Research led by Prof. Xia Yufei from the Institute of Process Engineering at the Chinese Academy of Sciences has introduced a novel approach to enhance immune responses in vaccine design. The study, published on January 8, 2026, in the journal Cell Biomaterials, demonstrates how deformable adjuvants can significantly improve the activation of immune cells, particularly in elderly and immunocompromised populations.
Conventional vaccine adjuvants often rely on molecular binding and biochemical stimulation to trigger immune responses. This method frequently yields limited effectiveness, especially among older adults or those with weaker immune systems. Recognizing the need for a new strategy, the research team focused on integrating physical regulation into the immune activation process.
The researchers engineered aluminum-stabilized Pickering emulsions (ASPEs) that allow dendritic cells (DCs) to interact with these droplets in a dynamic manner. Unlike traditional particulate adjuvants, which have restricted contact with DC membranes, ASPE droplets deform upon membrane contact. This deformation increases the interfacial contact area and applies controllable mechanical stress, enhancing the immune response.
The team discovered that by adjusting the crystallinity of aluminum nanoparticles, they could finely regulate the interfacial stiffness of these emulsions. This innovation enables graded mechanical stimulation of the immune system. Stronger mechanical cues activate the mechanosensitive ion channel PIEZO1, triggering an influx of calcium ions (Ca2+) and promoting effective antigen cross-presentation.
When combined with the TLR4 agonist monophosphoryl lipid A (MPLA), the ASPE platform provides synergistic mechano-biochemical activation. This combination outperformed the standard clinical formulation of Alum+MPLA, leading to stronger maturation of dendritic cells and enhanced Th1-biased immunity, alongside robust responses from CD8+ T-cells.
The research findings are particularly significant in the context of aging populations. In experiments involving aged mouse models, the ASPE-M formulation improved therapeutic outcomes in dendritic cell-based melanoma immunotherapy, especially when paired with PD-1 blockade therapies.

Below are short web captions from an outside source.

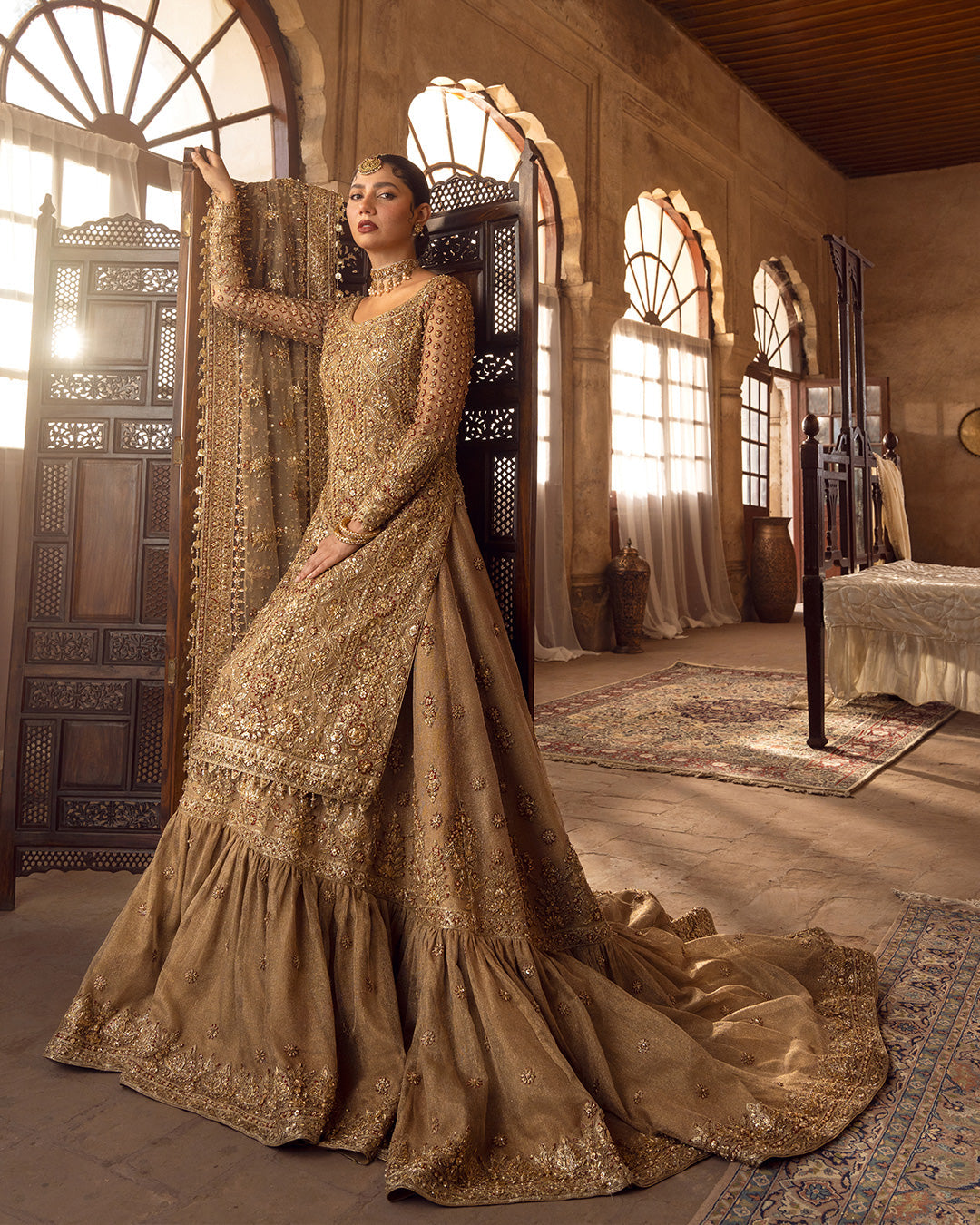 Faiza Saqlain Naisha gold bridal ensemble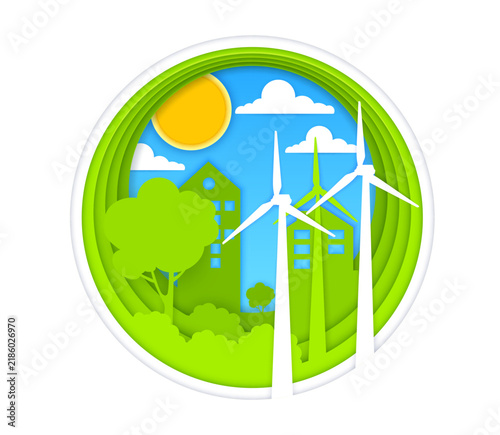 Paper cut wind turbine, sustainable green energy. Vector renewable ecology with city buildings, trees, sun, clouds, and paper landscape in 3d frame. Clean power, nature, alternative energy papercut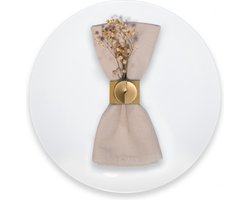 12x servetring - gerecycleerd leder - diameter 4cm - Goud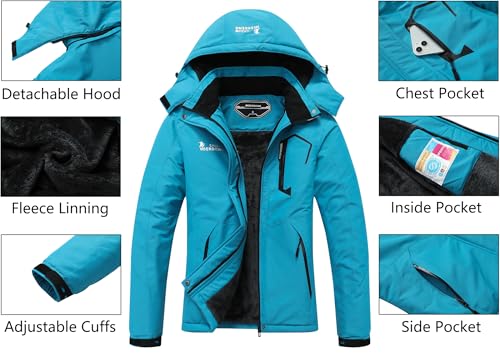 MOERDENG Women's Waterproof Ski Jacket Warm Winter Snow Coat Mountain Windbreaker Hooded Raincoat Jacket - Image 4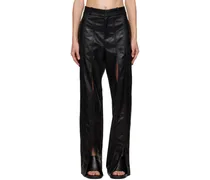 Black Split Seam Faux-Leather Trousers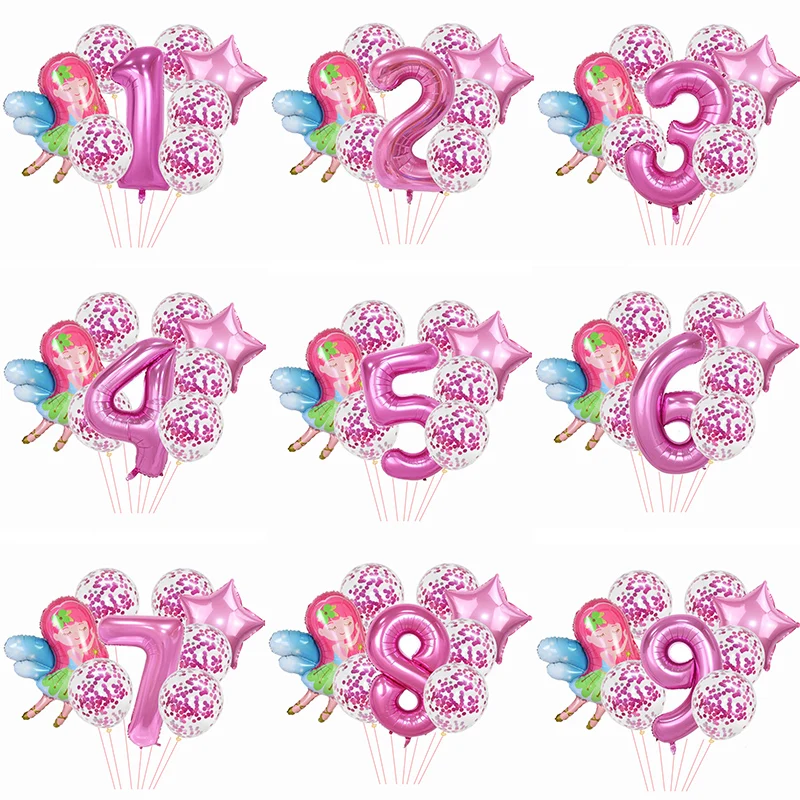 

8pcs/set Pink Number Balloon Cute Fairy Star Foil Ballons Confetti Globos for Baby Kids Girls Birthday Party Decoration Supplies
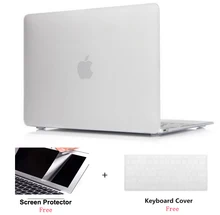 Frosted Clear Rubberized Hard Case Cover Skin Set keyboard cover For Apple Macbook Pro Air Retina 11 12 13 15″inch Touch Bar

Overall, this study establishes the importance of interfacial mechanics as a programmable dimension of immune regulation, which complements traditional biochemical signaling pathways. By redefining how adjuvants function, the research offers promising new strategies for vaccine and immunotherapy design, particularly aimed at improving immune efficacy in vulnerable populations.
The implications of this work extend far beyond basic science, potentially transforming how vaccines are developed and administered to those most in need of effective protection.
Further details can be found in the study by Yali Ming et al., titled “Drilling dendritic cell activation: Engineering interfacial mechano-biochemical cues for enhanced immunotherapy,” published in Cell Biomaterials.